* [Action item]: Give the lines below again exactly, starting with the line that holds "Lab assistant holding" and going on through the line that holds "Volwassen mannelijke arts".

(Short web captions)
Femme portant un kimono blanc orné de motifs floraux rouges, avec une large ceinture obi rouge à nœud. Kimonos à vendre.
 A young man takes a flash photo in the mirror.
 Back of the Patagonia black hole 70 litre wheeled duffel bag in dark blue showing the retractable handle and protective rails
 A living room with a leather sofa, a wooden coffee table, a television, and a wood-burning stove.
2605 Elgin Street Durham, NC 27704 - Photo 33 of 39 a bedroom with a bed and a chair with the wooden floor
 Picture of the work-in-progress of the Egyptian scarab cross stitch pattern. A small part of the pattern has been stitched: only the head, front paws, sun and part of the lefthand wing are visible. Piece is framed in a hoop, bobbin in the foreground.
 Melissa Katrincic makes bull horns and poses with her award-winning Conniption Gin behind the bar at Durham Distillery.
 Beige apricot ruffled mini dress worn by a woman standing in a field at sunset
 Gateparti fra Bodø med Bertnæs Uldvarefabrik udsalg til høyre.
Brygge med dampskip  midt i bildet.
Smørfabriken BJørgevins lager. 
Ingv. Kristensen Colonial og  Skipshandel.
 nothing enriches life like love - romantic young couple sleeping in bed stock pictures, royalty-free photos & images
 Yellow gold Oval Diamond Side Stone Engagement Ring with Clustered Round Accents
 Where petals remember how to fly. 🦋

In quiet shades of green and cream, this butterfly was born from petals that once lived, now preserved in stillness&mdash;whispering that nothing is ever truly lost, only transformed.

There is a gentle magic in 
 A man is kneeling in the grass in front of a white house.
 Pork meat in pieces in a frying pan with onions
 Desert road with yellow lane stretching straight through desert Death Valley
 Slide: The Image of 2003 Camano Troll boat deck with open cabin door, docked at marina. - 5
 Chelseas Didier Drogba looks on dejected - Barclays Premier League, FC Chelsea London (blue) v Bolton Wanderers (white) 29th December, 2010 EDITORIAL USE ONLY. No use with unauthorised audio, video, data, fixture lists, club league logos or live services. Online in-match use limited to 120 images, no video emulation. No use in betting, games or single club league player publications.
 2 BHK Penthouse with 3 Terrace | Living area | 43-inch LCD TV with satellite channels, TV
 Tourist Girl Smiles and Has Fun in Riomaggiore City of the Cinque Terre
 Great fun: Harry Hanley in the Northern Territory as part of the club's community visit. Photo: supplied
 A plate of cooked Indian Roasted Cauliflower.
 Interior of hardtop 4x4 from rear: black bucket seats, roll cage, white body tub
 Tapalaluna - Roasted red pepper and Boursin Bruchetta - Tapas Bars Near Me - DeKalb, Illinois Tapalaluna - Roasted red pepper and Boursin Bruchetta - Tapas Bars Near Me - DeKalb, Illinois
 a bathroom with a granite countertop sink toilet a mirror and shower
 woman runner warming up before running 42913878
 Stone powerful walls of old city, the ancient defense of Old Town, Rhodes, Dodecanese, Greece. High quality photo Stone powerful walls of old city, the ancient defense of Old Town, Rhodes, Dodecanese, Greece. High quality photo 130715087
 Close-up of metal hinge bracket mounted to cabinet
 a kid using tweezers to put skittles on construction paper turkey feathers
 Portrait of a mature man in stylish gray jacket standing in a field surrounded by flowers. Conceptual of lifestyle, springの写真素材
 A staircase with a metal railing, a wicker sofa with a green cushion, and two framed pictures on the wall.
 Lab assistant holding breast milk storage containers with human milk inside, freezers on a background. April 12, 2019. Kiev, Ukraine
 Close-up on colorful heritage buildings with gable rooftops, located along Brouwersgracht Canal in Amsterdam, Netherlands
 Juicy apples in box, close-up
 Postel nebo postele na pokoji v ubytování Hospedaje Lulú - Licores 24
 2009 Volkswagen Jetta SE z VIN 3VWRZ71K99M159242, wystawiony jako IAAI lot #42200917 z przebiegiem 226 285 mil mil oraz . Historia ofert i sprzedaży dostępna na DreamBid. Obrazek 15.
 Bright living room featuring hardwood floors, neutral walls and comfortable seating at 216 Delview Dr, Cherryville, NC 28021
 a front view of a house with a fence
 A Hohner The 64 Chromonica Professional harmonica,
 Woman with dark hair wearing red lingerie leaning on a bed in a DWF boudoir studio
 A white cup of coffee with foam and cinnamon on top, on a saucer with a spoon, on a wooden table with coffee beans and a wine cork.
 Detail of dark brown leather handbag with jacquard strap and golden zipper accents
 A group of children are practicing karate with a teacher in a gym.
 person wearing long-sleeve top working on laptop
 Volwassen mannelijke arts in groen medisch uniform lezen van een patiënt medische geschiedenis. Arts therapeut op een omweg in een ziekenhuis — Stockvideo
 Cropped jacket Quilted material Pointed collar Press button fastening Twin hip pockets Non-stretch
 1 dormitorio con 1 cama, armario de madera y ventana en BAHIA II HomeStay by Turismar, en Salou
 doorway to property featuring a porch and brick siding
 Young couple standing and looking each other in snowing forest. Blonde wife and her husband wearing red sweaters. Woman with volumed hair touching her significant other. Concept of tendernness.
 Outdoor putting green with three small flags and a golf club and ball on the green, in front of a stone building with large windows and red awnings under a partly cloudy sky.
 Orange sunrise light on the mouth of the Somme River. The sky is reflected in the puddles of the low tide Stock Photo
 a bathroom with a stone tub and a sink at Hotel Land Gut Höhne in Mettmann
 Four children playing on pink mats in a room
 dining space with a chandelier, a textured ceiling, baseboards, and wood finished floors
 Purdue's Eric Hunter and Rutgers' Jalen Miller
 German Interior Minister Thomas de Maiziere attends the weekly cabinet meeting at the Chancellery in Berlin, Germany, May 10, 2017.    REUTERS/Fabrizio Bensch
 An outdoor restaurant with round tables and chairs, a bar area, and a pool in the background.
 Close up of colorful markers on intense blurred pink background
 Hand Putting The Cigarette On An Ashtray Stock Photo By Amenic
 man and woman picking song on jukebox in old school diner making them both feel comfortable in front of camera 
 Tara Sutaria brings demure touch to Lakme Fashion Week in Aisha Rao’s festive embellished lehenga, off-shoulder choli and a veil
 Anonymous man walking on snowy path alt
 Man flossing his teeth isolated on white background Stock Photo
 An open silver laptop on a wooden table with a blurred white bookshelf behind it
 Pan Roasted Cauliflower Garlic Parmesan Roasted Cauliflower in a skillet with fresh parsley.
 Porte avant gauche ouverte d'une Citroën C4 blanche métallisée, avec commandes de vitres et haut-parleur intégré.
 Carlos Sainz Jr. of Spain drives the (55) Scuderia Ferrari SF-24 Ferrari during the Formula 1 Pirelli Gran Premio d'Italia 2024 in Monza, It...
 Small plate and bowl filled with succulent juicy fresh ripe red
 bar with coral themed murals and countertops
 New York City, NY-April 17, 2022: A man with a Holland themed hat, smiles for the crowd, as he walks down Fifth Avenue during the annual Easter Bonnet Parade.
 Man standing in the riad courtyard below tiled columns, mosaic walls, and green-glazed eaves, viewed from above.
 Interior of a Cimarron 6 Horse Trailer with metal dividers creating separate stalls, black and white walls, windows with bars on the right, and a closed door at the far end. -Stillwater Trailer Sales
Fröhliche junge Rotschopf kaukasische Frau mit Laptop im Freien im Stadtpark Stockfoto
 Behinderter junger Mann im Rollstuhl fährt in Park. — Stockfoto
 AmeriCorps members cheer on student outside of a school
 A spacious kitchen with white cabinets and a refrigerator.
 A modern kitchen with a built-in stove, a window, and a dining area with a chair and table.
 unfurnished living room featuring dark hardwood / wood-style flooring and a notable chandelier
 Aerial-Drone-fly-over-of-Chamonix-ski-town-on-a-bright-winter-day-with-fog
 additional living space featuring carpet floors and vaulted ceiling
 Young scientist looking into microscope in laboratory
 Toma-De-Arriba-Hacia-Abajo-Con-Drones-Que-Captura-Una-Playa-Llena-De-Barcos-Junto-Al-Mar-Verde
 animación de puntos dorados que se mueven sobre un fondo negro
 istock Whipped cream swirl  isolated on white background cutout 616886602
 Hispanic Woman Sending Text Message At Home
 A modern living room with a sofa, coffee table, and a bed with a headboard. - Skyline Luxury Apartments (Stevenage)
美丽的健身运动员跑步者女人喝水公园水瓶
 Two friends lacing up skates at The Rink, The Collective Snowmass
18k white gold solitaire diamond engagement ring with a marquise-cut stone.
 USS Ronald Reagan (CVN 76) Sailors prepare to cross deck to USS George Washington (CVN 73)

* [The answer]:
 Lab assistant holding breast milk storage containers with human milk inside, freezers on a background. April 12, 2019. Kiev, Ukraine
 Close-up on colorful heritage buildings with gable rooftops, located along Brouwersgracht Canal in Amsterdam, Netherlands
 Juicy apples in box, close-up
 Postel nebo postele na pokoji v ubytování Hospedaje Lulú - Licores 24
 2009 Volkswagen Jetta SE z VIN 3VWRZ71K99M159242, wystawiony jako IAAI lot #42200917 z przebiegiem 226 285 mil mil oraz . Historia ofert i sprzedaży dostępna na DreamBid. Obrazek 15.
 Bright living room featuring hardwood floors, neutral walls and comfortable seating at 216 Delview Dr, Cherryville, NC 28021
 a front view of a house with a fence
 A Hohner The 64 Chromonica Professional harmonica,
 Woman with dark hair wearing red lingerie leaning on a bed in a DWF boudoir studio
 A white cup of coffee with foam and cinnamon on top, on a saucer with a spoon, on a wooden table with coffee beans and a wine cork.
 Detail of dark brown leather handbag with jacquard strap and golden zipper accents
 A group of children are practicing karate with a teacher in a gym.
 person wearing long-sleeve top working on laptop
 Volwassen mannelijke arts in groen medisch uniform lezen van een patiënt medische geschiedenis. Arts therapeut op een omweg in een ziekenhuis — Stockvideo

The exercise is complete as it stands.